London Grip Poetry Review – Simon Bowden

Poetry review – GIFTS OF THE DARK: John Mole follows Simon Bowden on his journey through serious illness and toward recovery

Gifts of the Dark
Simon Bowden
Dithering Chaps 2023
ISBN: 978-0-9574538-3-8

As I began reading Gifts of the Dark, Simon Bowden’s cancer recovery daybook – a sequence of thirty-two remarkably candid and authoritative poems written during and after being in hospital recovering from an operation on his tongue – I was reminded of the painter Francis Bacon who, when asked by an interviewer what he believed in, replied with the one word ‘Nothing’. ‘But don’t you believe in anything?’ the interviewer asked again. ‘Yes I do.’ said Bacon. ‘I believe in Nothing.’

In his first poem “Beginning”. Bowden adapts the opening of St. John’s gospel as

                            In the beginning was
                            word was nothing
                            nothing was God

and three poems later in “Before Dawn” a footnote points out that its last line ‘echoes the title of a book on cosmology by Professor Peter Atkins which argues that primordial nothing is the necessary origin of all the laws of nature,’ The full range of Bowden’s challenging poems ‘feels his thoughts’ and seeks to experience ‘the gift of life / without light’ not with the consolation of a religious faith but through a vivid personal response to the instructive circumstances of his time in hospital.

Gifts of the Dark is, by turns, fearful and illuminating.
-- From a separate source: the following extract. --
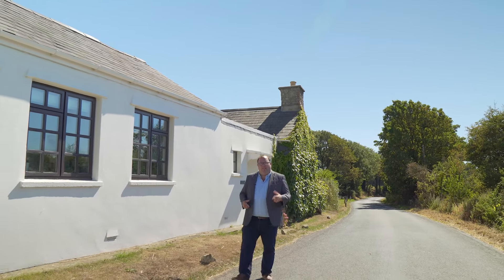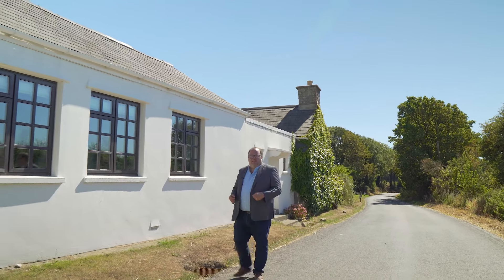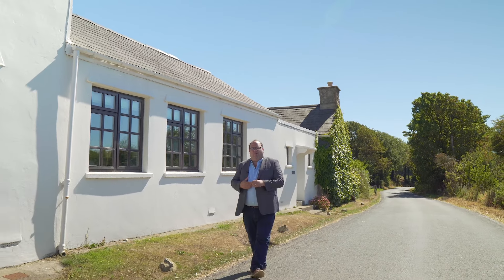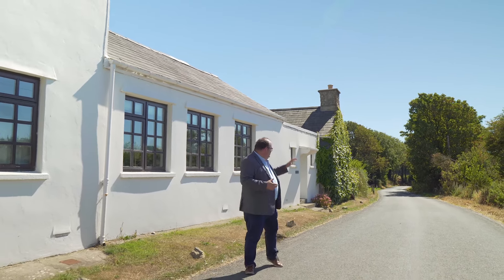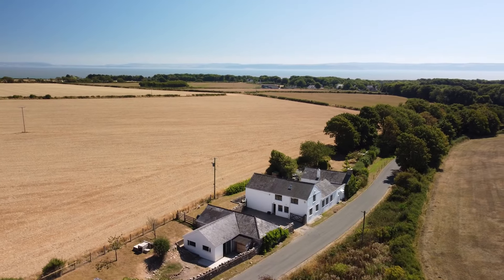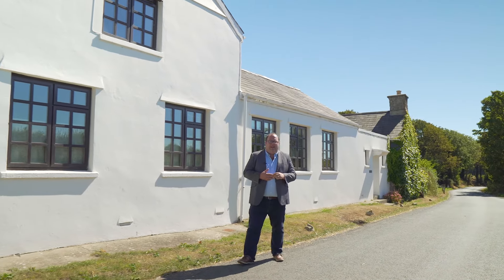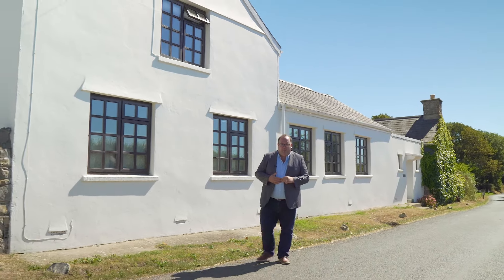You're joining me here today in St Donuts in the Vale of Gormorgan. This fantastic little village is the home to the Atlantic College and you've got some gorgeous little beaches just down the road on the Heritage coastline. It's a fantastic substantial four bedroom home sitting in around about half an acre of its own land and it's full of character and charm.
It charts, stage by stage and in detail, Bowden’s physical condition as he experiences discomfort, often lying awake in darkness trapped between ‘the scratching absence of hope’ and the ‘dungeons of sickness’ while at the same time and with a metaphorical zest he determines to ‘leap from these white walls / warders with chemicals and blades, / orderlies with trolleys, probes, clean sheets’ into a resilient landscape of recovery. Apprehension and anxiety are relieved by a lyrical inventiveness, as in “When There is Nothing”:

                           Snowboard down the mattress,
                           electric Alps of hospital bed.
                           Covers come off,
                           too cold, too hot:
                           a picture window on blackness.

                           Lay your neck on the quiet side,
                           dug in a foxhole of pillows,
                           arms sprawled over the sheet,
                           a dread of malignant cells
                           dripping into your gullet.

That ‘foxhole of pillows’ is characteristic of the subtlety with which Bowden introduces suggestive analogies, in this instance the hospital bed being experienced as a battleground and the warfare being between body and mind, suffering and hope. Throughout the sequence such analogies are explored and relished for their inventive possibilities which provide distraction and relief. In “In a Dream of Noir TV”, for example, Bowden playfully identifies with a Chandleresque protagonist in a scenario that shifts from the hospital ward to a bar where

                          In a drug-laced interlude,
                          gobbets of meat refuse to enter
                          your hero’s mouth and beer
                          splashes the bar room floor.
                          A lone woman dancing
                          leads him into a doorway
                          and up her beautiful stairs.
                          He spies her garden, glancing
                          into a bedroom where
                          he breathes the flowers.

Poem by poem, and frame by frame, Gifts of the Dark takes us on a journey of discovery and recovery. But since recovery is gradual and ‘progress is relative / a backwards career’, even as we ‘watch the credits roll and ‘want to thank best boy / the post-production team / because it’s the end –

                         We have not reached the end.
                         We sit together in darkness,
                         not perhaps the right couple,
                         and I hold your hand.

– but however tentative the affirmation conveyed by this final poem, Simon Bowden’s grip on our imagination remains as firm as it has been throughout this fascinatingly original and thought-provoking collection.